▶ **What is needed**
Only one stretch of the listing below is wanted. Begin at the line that has "Ralph Lauren Polo", stop after the line that has "Xmas Burst Casino", and repeat every line in between exactly.

------ Data shown

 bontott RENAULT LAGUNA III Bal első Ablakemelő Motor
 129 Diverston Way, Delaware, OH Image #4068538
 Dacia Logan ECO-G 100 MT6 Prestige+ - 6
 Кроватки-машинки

------------
------ Data shown

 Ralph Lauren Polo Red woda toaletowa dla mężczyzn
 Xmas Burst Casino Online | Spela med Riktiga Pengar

------------
------ Data shown

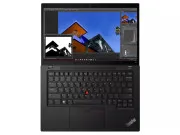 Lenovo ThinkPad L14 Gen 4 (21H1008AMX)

------------

▶ **Your response**
 Ralph Lauren Polo Red woda toaletowa dla mężczyzn
 Xmas Burst Casino Online | Spela med Riktiga Pengar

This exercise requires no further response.